Mentre per il marchio “forte” vanno considerate illegittime
tutte le modificazioni, pur rilevanti ed originali, che ne lascino comunque
sussistere l'identità sostanziale ovvero il nucleo ideologico espressivo
costituente l'idea fondamentale in cui si riassume, caratterizzandola, la sua
attitudine individualizzante, per il marchio debole sono sufficienti a
escluderne la confondibilità anche lievi modificazioni o aggiunte.
È invece marchio geografico, o toponimo, quel marchio (al
quale pure la sentenza allude) che opera il riferimento a una specifica località
mediante il nome geografico, che, almeno di regola, non ha una capacità
distintiva proprio perché descrive semplicemente la provenienza geografica del
prodotto o del servizio di riferimento.
Secondo la Suprema Corte non è propriamente un marchio
geografico quello che indica una semplice caratteristica morfologica di un
elemento naturale, come la conformazione del terreno, trattandosi in tal caso
di una mera indicazione di comune linguaggio.
Nella specie, la corte territoriale ha specificato in qual senso il marchio “il Borro” dovesse esser intendersi come marchio debole, essendo incentrato per l’appunto su un termine (“borro”) indicativo di un elemento morfologico e naturalistico del terreno.

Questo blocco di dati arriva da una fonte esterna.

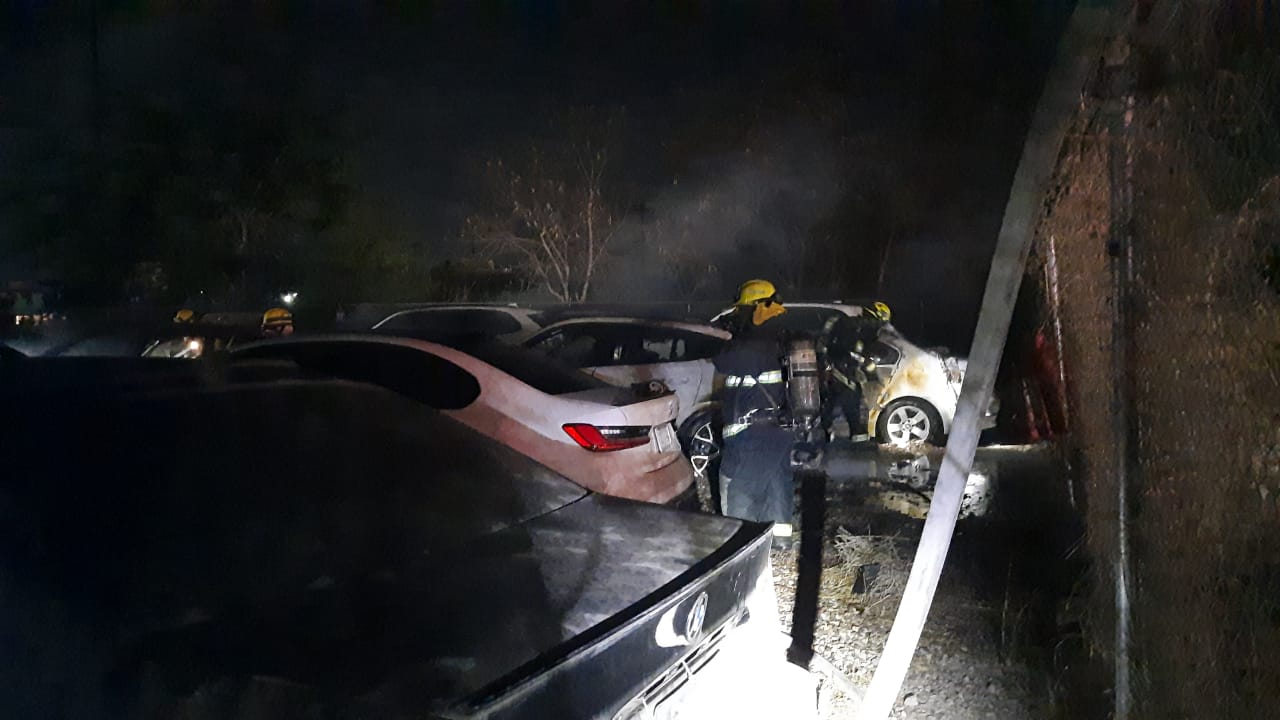 Responsable algo tenía que ver con alguno de los carros siniestrados: Rocha por incendio en agencia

Ebbene, la Suprema Corte, in separate controversie tutte riferibili alla tutela del citato marchio, ne ha confermato la conclusione in base al fatto che l’uso di un vocabolo indicativo di una determinata conformazione del territorio, sovente tipica proprio dei luoghi di produzione del vino, è a tal punto di uso comune da appartenere, in pratica, al linguaggio quotidiano (Cass. civ., sez. I, ord. 13 febbraio 2019, n. 4254; Cass. civ., sez. I, ord. 26 aprile 2021, n. 10980).